Penggantinya adalah Dennis To, sang juara martial arts terbaru Hongkong yang memerankan Ip Man remaja. Secara postur dan penampakan, Dennis dapat dikatakan Donnie muda. Mirip sekali. Terima kasih pada tim kostum dan make-up yang mendadaninya sedemikian rupa. Namun dari akting, Dennis belum terlalu menonjol. Beruntung koreografi kungfunya cukup meyakinkan sehingga tidak mengecewakan. Aktor senior Sammo Hung dan Yuen Biao nyatanya cuma tampil sebagai pemeran pendukung. Yang cukup dominan malah Fan Siu Wong yang cukup berkarakter sebagai Ip Tin Chi. Kredit patut diberikan pada penampilan khusus Ip Chun yang merupakan putra asli Ip Man.

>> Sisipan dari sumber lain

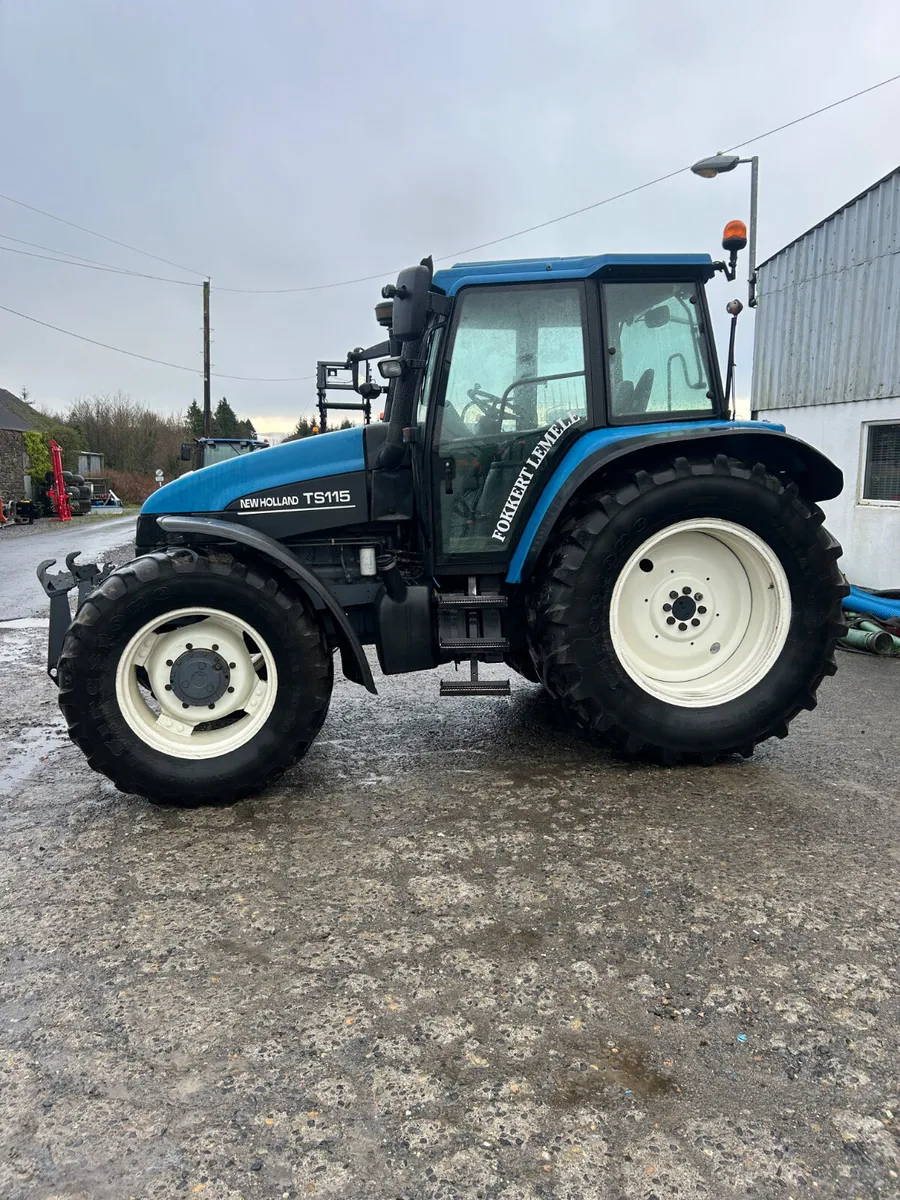 2002 New Holland TS115 - Image 2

Fighting scene yang biasanya menjadi jualan film Ip Man kali ini sedikit kendor. Kebanyakan Ip Man remaja hanya berlatih tanding ataupun belajar. Memasuki pertengahan menjelang akhir barulah ada lawan seimbang dari kubu gangster Jepang era perang Sino-Japanese, itupun sudah bisa ditebak kemana arahnya. Satu hal yang menarik adalah duel antara Sammo dan Yuen di awal film dimana mata keduanya sempat ditutup saat memeragakan Wing Chun. Menarik!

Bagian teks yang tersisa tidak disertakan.